Art. 5. Van de mogelijkheid voorzien in artikel 9 van de WAP waardoor werkgevers de mogelijkheid zouden hebben om de uitvoering van het pensioenstelsel zelf te organiseren via een pensioenstelsel op het niveau van de onderneming ("opting out"), wordt geen gebruik gemaakt door het paritair comité.

HOOFDSTUK IV. - Inrichter

Art. 6. De inrichter van het sectoraal pensioenstelsel is het "Sociaal Fonds voor de baksteenindustrie", Kartuizersstraat 19 bus 19, 1000 Brussel.

HOOFDSTUK V. - Pensioeninstelling en toezichtscomité

Art. 7. Bij toepassing van artikel 8 van de WAP wordt als pensioeninstelling gekozen Federale Verzekering, Vereniging van Onderlinge Levensverzekeringen, toegelaten onder codenummer 0346, met als zetel Stoofstraat 12, 1000 Brussel.

Aangezien de pensioeninstelling niet op paritaire wijze wordt beheerd, zal in overeenstemming met artikel 41, § 2 van de WAP, een toezichtscomité worden opgericht.

HOOFDSTUK VI. - Pensioenbijdrage

Art. 8. De pensioenbijdrage omvat geen verzekeringstaks wegens het specifieke statuut van fonds voor bestaanszekerheid van de inrichter.
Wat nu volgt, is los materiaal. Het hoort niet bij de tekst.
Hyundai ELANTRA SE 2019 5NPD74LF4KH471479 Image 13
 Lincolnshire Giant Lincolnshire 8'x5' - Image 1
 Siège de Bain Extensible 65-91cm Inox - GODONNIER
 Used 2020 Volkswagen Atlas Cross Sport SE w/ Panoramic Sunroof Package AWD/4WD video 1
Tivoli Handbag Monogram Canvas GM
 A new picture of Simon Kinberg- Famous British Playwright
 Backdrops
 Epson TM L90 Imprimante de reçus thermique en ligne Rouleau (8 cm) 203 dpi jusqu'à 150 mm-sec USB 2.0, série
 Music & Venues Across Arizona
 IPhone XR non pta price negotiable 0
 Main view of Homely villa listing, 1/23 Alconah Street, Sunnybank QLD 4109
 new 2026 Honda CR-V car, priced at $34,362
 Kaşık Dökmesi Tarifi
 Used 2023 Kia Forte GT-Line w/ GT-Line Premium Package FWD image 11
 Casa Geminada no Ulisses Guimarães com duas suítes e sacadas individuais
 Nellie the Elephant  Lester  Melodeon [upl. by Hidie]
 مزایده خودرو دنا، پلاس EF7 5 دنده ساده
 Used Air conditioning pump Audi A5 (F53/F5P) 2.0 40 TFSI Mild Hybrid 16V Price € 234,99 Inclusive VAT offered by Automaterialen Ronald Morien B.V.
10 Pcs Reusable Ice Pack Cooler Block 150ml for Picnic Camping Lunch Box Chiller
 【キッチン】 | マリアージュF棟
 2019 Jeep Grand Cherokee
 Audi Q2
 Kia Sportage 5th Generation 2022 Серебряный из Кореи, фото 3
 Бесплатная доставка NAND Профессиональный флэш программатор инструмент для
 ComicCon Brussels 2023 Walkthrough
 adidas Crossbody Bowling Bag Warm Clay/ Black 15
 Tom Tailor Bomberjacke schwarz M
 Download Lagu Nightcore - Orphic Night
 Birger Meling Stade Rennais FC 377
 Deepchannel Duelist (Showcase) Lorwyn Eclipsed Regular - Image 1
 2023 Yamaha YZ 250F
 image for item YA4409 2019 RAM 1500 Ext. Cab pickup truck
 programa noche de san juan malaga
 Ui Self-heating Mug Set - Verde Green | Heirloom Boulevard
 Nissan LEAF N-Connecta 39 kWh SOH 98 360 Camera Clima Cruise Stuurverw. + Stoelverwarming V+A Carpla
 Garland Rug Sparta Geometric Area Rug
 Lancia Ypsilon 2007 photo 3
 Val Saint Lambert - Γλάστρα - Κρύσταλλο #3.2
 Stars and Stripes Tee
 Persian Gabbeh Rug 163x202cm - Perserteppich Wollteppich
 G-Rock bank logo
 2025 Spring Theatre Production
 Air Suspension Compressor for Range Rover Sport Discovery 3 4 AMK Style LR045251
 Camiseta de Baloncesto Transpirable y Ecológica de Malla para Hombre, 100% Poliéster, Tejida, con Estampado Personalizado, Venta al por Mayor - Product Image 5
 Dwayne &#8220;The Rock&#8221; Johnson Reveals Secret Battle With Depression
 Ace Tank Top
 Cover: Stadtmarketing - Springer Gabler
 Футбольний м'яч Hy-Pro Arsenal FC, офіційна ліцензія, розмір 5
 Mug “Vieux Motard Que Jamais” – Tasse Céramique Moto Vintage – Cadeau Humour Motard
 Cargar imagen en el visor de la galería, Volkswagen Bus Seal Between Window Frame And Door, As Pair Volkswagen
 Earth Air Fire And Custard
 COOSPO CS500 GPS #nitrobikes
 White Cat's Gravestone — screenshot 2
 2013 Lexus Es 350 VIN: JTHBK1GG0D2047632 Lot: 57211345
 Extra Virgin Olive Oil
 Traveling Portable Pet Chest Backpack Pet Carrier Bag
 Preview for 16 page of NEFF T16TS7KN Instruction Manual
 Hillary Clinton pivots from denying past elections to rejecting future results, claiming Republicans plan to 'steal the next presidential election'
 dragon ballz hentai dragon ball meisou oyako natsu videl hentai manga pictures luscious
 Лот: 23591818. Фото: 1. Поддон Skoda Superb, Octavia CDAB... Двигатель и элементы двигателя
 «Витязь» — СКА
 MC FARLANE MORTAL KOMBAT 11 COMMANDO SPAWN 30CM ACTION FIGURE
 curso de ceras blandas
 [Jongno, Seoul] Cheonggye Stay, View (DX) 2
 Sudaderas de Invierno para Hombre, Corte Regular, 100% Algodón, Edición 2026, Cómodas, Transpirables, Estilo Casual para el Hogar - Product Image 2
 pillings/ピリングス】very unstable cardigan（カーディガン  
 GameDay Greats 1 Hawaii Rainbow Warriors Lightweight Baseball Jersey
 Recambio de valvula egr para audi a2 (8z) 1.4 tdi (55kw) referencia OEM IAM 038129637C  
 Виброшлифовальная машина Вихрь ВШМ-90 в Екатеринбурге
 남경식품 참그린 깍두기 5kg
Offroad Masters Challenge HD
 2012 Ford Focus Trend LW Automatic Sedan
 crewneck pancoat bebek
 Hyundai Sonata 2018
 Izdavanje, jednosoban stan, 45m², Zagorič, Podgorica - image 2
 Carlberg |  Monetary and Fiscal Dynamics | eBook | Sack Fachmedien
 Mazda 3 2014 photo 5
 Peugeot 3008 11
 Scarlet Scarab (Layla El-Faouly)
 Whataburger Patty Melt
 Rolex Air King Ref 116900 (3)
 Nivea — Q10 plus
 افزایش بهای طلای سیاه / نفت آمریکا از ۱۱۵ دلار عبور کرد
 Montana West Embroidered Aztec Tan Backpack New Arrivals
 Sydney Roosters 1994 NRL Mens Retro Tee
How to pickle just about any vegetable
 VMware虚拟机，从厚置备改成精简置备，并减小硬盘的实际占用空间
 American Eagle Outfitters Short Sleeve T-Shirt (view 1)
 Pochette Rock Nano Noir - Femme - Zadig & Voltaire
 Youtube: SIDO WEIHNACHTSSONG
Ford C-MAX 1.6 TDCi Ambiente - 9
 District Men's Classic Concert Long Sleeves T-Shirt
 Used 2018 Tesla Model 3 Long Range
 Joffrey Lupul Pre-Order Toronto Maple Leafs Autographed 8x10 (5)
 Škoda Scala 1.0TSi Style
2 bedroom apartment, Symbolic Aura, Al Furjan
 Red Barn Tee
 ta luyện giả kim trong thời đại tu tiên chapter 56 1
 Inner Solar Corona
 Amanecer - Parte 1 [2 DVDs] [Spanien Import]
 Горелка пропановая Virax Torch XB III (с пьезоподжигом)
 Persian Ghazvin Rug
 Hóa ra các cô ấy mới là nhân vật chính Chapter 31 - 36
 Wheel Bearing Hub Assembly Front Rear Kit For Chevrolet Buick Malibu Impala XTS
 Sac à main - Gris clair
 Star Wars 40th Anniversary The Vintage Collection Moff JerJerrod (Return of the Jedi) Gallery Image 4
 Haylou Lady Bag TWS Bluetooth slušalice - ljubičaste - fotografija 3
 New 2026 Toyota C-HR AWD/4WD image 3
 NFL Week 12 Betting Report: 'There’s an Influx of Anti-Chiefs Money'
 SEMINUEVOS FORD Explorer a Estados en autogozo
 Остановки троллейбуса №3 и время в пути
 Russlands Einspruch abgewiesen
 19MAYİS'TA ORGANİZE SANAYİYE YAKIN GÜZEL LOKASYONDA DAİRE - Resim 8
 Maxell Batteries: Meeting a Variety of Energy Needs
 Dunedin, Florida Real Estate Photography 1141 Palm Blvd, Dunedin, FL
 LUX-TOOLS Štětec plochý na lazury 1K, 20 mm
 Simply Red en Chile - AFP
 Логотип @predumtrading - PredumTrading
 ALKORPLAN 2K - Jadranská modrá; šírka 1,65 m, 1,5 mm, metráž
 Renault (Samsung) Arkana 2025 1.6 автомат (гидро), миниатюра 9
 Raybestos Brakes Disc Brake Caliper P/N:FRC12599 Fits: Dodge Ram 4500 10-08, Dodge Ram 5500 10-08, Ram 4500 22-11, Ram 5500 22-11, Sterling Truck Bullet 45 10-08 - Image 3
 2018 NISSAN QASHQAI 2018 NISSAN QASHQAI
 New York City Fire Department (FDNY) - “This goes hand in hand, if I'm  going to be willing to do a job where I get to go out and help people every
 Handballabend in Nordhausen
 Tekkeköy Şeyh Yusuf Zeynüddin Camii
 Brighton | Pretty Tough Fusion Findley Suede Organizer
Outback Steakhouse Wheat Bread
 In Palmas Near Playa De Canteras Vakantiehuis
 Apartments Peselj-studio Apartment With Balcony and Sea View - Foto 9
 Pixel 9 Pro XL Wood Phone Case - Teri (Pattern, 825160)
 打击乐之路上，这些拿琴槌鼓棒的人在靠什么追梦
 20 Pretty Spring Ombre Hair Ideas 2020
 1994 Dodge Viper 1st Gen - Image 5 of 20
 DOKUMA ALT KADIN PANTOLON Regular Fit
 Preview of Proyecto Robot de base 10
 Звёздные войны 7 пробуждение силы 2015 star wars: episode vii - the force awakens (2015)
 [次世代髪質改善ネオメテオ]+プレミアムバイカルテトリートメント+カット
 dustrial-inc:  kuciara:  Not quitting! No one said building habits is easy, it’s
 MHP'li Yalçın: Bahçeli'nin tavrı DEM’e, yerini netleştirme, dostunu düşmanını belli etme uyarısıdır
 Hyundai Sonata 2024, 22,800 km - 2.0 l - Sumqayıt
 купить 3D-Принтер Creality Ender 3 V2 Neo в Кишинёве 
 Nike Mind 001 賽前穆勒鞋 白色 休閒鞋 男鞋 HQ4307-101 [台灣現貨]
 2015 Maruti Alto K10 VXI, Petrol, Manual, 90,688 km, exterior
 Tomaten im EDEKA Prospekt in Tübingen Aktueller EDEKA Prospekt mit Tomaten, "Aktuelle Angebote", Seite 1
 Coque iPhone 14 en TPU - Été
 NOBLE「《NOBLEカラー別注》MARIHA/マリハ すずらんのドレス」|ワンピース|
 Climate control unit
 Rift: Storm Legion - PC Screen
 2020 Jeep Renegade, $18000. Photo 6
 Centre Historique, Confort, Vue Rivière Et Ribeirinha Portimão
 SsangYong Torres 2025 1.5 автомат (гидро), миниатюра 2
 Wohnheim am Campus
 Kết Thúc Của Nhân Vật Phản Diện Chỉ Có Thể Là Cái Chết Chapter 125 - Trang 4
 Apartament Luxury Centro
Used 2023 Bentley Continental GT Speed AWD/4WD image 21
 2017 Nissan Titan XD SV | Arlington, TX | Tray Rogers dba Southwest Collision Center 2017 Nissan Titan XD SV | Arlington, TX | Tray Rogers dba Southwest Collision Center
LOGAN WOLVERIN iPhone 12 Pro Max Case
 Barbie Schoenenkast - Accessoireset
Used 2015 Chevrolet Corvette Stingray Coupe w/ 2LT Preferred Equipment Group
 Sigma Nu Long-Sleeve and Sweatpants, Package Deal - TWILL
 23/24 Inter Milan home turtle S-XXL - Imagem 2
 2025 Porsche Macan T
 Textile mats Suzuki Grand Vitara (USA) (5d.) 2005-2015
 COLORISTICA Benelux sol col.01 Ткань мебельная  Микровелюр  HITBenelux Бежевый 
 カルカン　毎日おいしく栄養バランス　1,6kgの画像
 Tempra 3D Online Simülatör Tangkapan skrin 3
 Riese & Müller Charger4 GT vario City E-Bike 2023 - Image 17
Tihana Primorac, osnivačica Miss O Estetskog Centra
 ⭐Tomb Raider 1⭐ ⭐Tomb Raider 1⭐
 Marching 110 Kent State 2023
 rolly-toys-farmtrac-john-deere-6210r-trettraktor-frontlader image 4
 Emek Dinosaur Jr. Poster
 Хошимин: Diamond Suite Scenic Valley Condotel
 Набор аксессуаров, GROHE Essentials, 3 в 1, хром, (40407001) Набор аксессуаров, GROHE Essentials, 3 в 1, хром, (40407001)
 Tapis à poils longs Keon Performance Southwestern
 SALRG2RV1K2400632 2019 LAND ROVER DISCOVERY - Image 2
De pensioenbijdrage omvat evenmin de bijzondere sociale zekerheidsbijdrage inzake aanvullende pensioenen die op het ogenblik van de sluiting van deze collectieve arbeidsovereenkomst 8,86 pct. bedraagt.

Bij het toekennen van de bijdrage wordt geen onderscheid gemaakt naargelang het arbeidsregime van de aangeslotene.

  1. Vanaf 2012 (tot herziening)

    De pensioenbijdrage, die een trimestriële bijdrage is, is verworven op het einde van elk trimester (31 maart, 30 juni, 30 september en 31 december), voor zover de aangeslotene in het betreffende trimester niet uittreedt, overlijdt of de eindleeftijd bereikt en in de DmfA-aangifte van het betreffende trimester met ten minste één dag onder prestatiecode 1, 2, 3, 5, 60, 70, 71 of 72 voorkomt. Als er alleen een verbrekingsvergoeding (looncode 3) aangegeven wordt, in combinatie met prestatiecode 1, is de pensioenbijdrage niet verschuldigd.

    De pensioenbijdrage wordt vanaf 1 januari 2012 vastgesteld op 33,75 EUR.

    De pensioenbijdrage, verhoogd met de sociale zekerheidsbijdrage inzake aanvullende pensioenen en de werkingskosten van het pensioenstelsel (in het bijzonder van de pensioeninstelling), wordt trimestrieel geïnd door de RSZ. Bedoelde trimestriële inning stemt overeen met een bedrag van 38,56 EUR.

  2. Startbijdrage bij de inwerkingtreding van het pensioenstelsel

    Aan de arbeider die aangesloten werd bij de inwerkingtreding van het pensioenstelsel op 30 november 2011, werd op die datum een startbijdrage toegekend.

    De startbijdrage bedroeg 50 EUR.

    De startbijdrage, verhoogd met de sociale zekerheidsbijdrage inzake aanvullende pensioenen en de werkingskosten van het pensioenstelsel, werd geïnd door de inrichter. Bedoelde inning stemt overeen met een bedrag van 54,43 EUR.

    HOOFDSTUK VII. - Groepsverzekering

    Art. 9. Het aanvullend sectoraal pensioenstelsel wordt uitgevoerd via een groepsverzekering die door de inrichter wordt onderschreven.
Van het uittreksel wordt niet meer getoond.